You Can’t Manage What You Can’t Measure: Why Tracking Sustainability Progress Is Key

Sustainable San Mateo County (SSMC) is a local nonprofit organization that was founded in 1992. Its goal is to build awareness around sustainability issues and accelerate sustainability adoption on the ground. The organization is dedicated to driving impactful action on economic, environmental, and social equity issues. These “three E’s” of sustainability all need to be in balance to achieve true sustainability. SSMC offers the following  three main programs:

  1. Indicators Report, which tracks sustainability progress in local cities and the county
  2. Awards Program, which celebrates local sustainability champions and, in partnership with AIASMC, Green Building award recipients. 
  3. Sustainability Ideas Bank, which compiles and shares successful policies and programs implemented by local governments and businesses to accelerate sustainability.

Indicators Report 2020

Sustainable San Mateo County’s Indicator Report (IR) Program has been in existence since 1997. Christine Kohl-Zaugg, Executive Director of SSMC, says that the report was started with the recognition that one cannot manage what one can’t measure. 

“If you want to make any progress, you need to come up with a set of data and metrics so that you can see how you are making progress over time.”

The IR Program tracks and measures progress that has been made across a variety of key issues in the field of sustainability. 

“Every year, the Indicators Report focuses on a key theme or topic, called the “Key Indicator”. In the past, we have covered topics including sustainable food systems, affordable housing, and air quality.”

Because there are a plethora of topics around sustainability that are important, SSCM tries to focus on different areas each year. 

“We have an Indicators Report committee that is made up of board members, SSMC staff and volunteers. The committee is in charge of picking a theme or topic for each year.”

“As an organization, we look at what’s current, what topics are being most talked about, and what’s important in terms of actual sustainability impact at a county level when making the final decision.” 

The 2020 report focuses on renewable energy and energy efficiency measures in San Mateo County. Specifically, how these measures apply to buildings, water use, waste management, land use, transportation, financing, and community outreach. 

“Since I joined in 2018, we have increasingly focused on climate change as an organization. The reason for this is that climate change is one of the most pressing issues of our time,” Kohl-Zaugg said. 

While the report is geared towards cities, local governments, policy makers, and the business community, it is available to the general public. 

“In the report, we highlight actions that are being taken by local jurisdictions and businesses. Our goal for the report is not only to track and measure progress, but also to serve as a source of inspiration for companies and local governments.”

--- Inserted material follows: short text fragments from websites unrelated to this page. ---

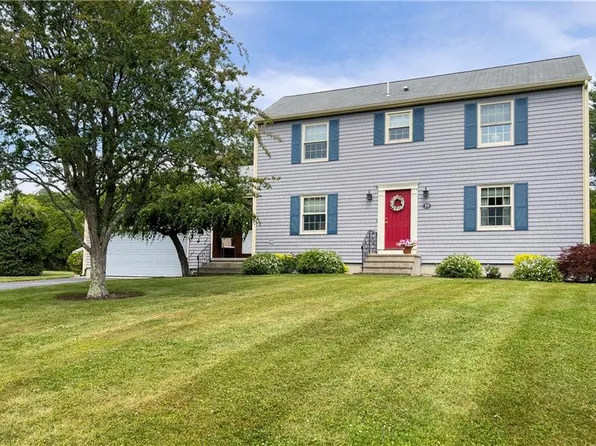 10 Justin St, Bristol, RI 02809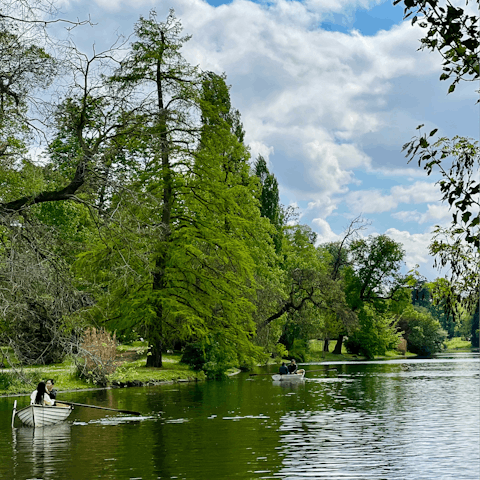 Spend a morning strolling through Bois de Boulogne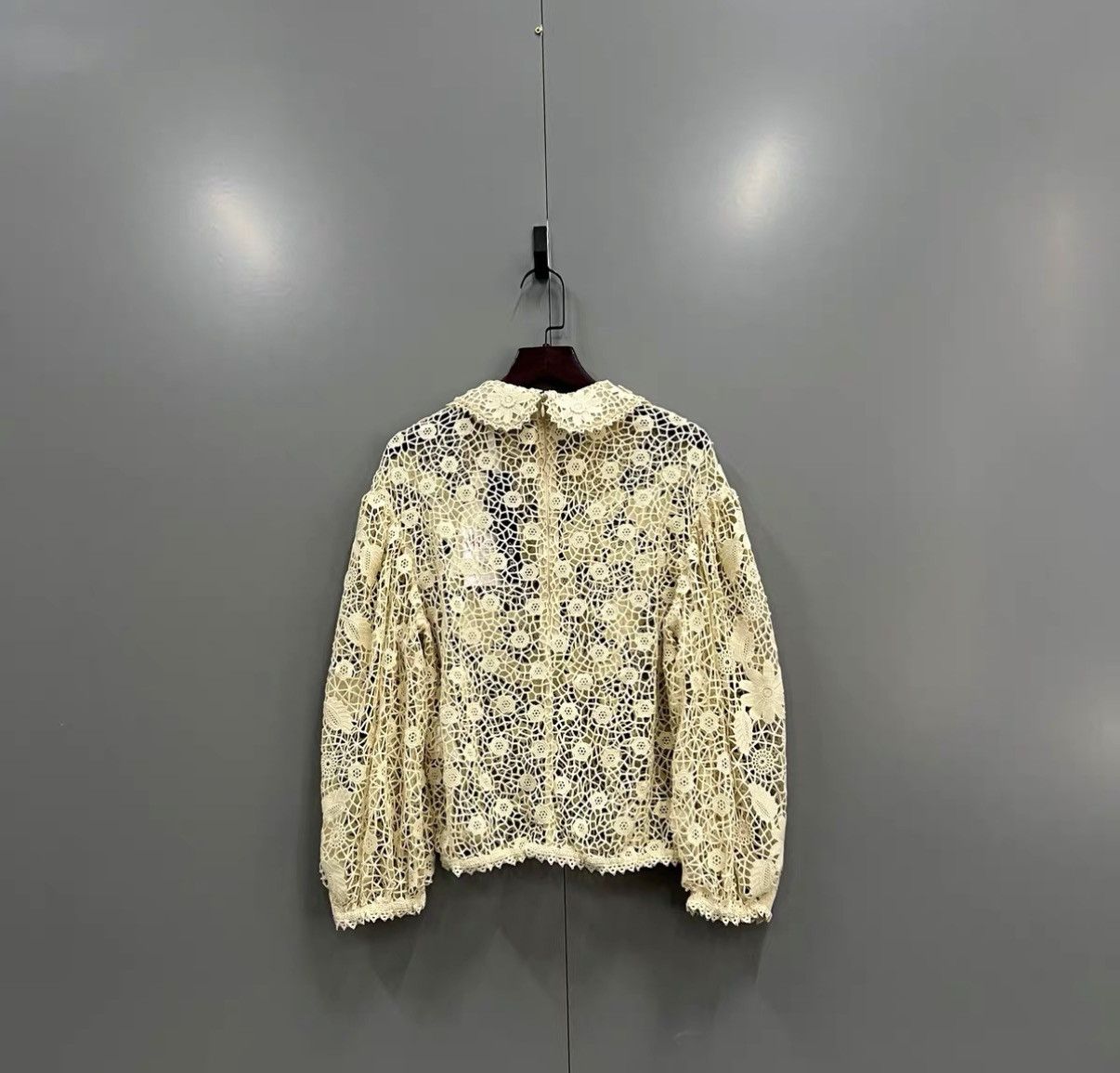 Valentino Valentino Floral Lace Peter Pan Collar Top J41 Size M / US 6-8 / IT 42-44 - 2 Thumbnail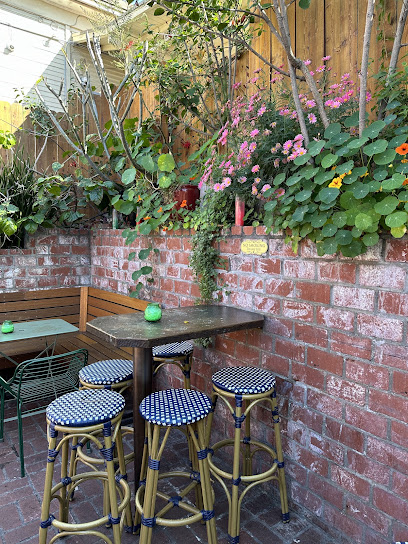 Bar Flores, Los Angeles
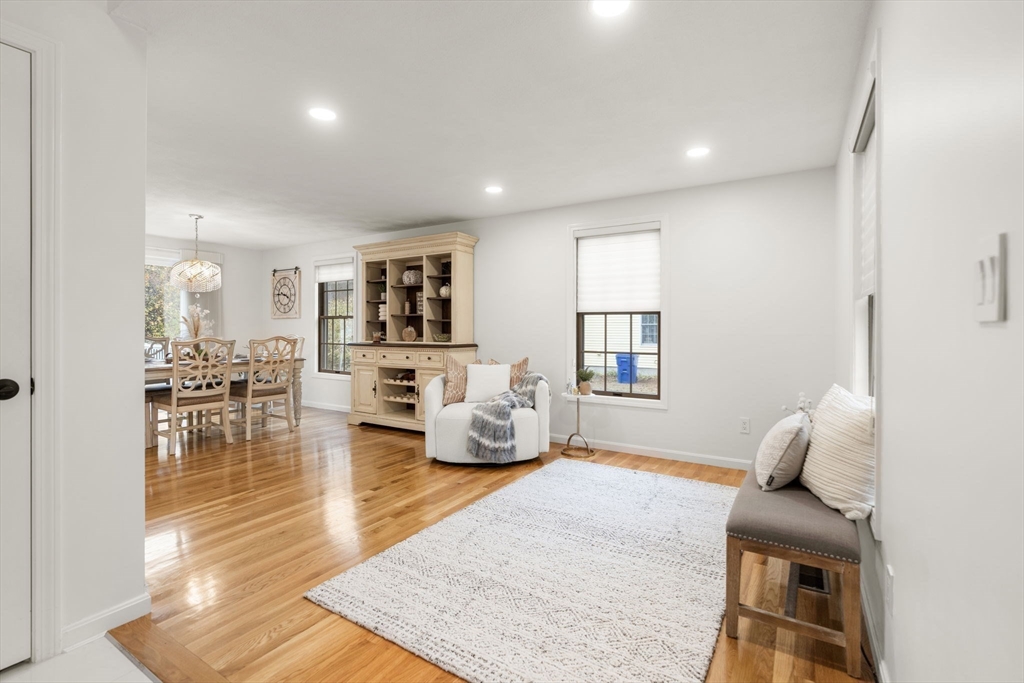 9 Andrews Farm Rd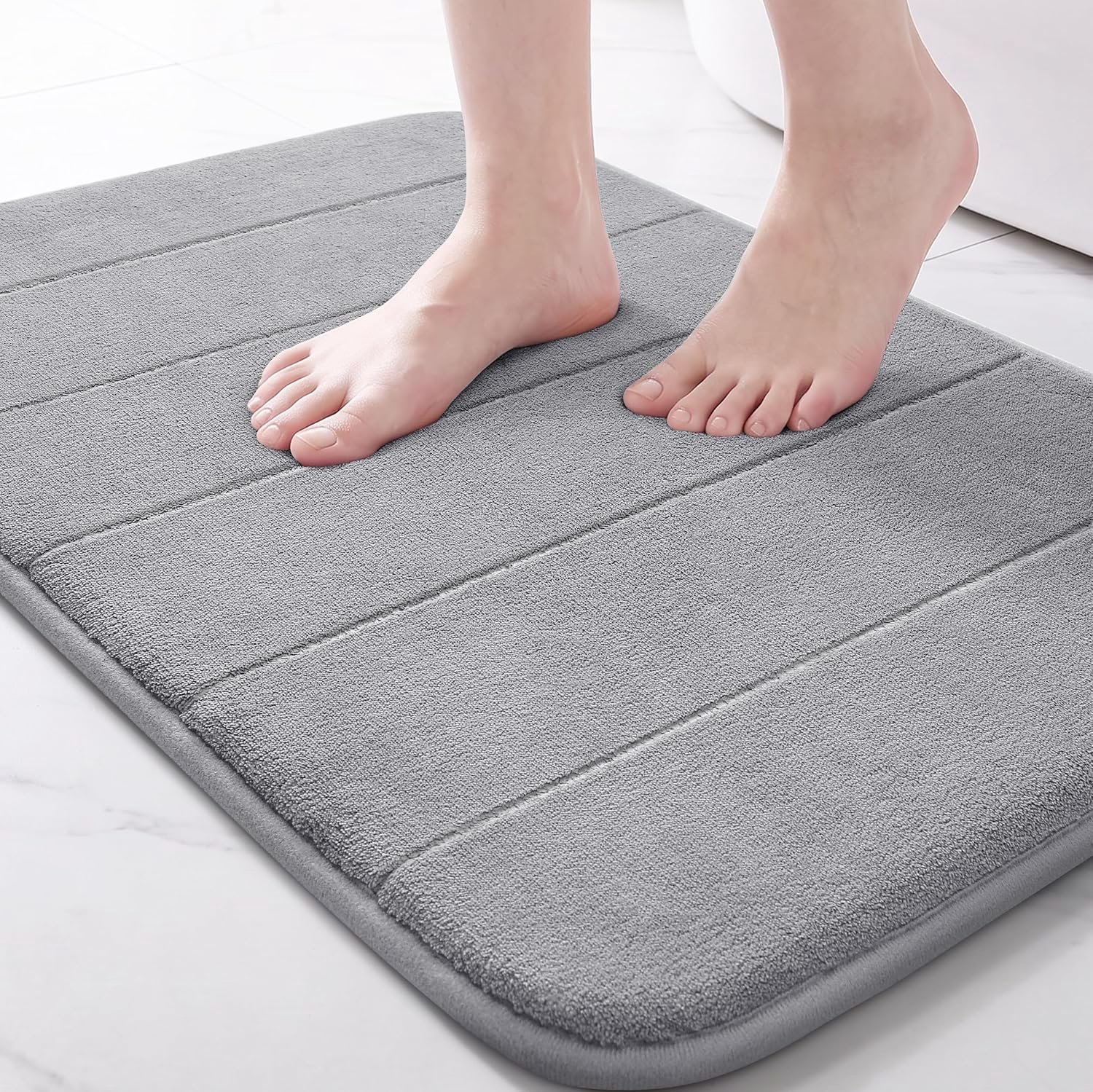 Geheugenschuim badmat – 40x60 cm – Ultrazacht, absorberend & sneldrogend – Machinewasbaar & antislip – Voor badkuip, douche & enkele wastafel – Lichtgrijs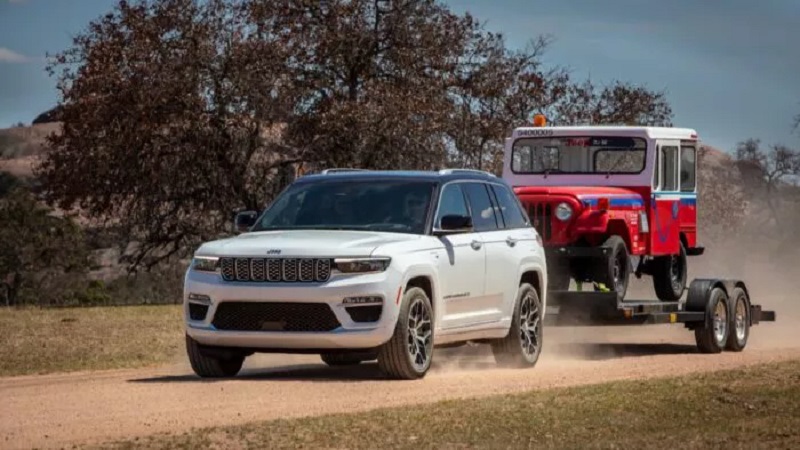 Jeep DJ5-E Electruck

Kohl-Zaugg shared that Sustainable San Mateo County does not collect data. Rather, the organization uses publicly available data and statistics from credible sources to create the report. The report is created by the Indicators Report committee and by SSMC’s volunteers. 

“This year, we had over 20 volunteers that helped with the research, writing, and editing of the report.”

Part of the organization’s Indicators Report Program includes a launch event to unveil the report. The event brings together a panel of experts and a keynote speaker on the topic of the year.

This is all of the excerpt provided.